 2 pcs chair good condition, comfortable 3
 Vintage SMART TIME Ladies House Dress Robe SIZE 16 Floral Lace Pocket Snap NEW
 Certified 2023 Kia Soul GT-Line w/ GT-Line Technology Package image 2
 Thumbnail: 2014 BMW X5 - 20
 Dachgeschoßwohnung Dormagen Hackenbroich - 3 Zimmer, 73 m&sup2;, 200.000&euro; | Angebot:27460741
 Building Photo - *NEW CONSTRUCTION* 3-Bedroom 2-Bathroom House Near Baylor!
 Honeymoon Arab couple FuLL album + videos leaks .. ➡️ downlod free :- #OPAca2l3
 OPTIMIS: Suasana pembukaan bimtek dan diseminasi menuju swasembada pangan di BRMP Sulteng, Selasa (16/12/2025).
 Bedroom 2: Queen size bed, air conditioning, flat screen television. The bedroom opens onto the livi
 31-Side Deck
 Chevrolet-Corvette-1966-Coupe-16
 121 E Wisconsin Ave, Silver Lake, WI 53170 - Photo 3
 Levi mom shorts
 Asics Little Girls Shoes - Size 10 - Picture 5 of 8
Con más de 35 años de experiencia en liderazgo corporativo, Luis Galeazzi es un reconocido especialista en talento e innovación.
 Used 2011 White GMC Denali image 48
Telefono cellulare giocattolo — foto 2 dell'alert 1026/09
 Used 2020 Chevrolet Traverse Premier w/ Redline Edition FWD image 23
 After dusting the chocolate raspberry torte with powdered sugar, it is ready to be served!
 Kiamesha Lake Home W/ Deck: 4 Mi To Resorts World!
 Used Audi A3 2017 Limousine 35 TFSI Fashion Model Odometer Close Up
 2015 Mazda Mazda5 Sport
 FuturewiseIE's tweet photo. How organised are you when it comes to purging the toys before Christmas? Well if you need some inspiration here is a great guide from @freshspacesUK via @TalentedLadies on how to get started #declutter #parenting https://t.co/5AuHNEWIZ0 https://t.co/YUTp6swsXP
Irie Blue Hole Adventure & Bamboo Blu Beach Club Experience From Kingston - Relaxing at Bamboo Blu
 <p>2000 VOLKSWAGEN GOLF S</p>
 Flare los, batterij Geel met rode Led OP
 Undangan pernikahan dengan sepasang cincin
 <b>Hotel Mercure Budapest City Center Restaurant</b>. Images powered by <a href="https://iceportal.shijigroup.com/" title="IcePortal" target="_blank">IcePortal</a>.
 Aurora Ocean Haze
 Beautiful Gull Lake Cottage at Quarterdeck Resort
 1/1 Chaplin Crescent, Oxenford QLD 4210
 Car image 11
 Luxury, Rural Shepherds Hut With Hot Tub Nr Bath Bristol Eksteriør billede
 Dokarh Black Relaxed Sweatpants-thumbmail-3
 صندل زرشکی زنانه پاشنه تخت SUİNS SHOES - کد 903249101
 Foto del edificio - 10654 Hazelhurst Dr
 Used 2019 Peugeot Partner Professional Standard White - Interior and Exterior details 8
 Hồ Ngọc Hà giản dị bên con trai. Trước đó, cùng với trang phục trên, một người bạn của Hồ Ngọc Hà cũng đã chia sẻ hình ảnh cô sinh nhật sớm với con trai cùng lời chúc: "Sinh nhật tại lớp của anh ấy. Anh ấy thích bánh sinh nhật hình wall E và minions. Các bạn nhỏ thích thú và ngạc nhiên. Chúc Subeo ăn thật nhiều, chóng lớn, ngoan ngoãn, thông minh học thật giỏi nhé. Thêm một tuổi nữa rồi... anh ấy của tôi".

What the exercise asks:
Scan the data for lines containing "Bedroom" and copy all of them.

Reply to the exercise:
 Building Photo - *NEW CONSTRUCTION* 3-Bedroom 2-Bathroom House Near Baylor!
 Bedroom 2: Queen size bed, air conditioning, flat screen television. The bedroom opens onto the livi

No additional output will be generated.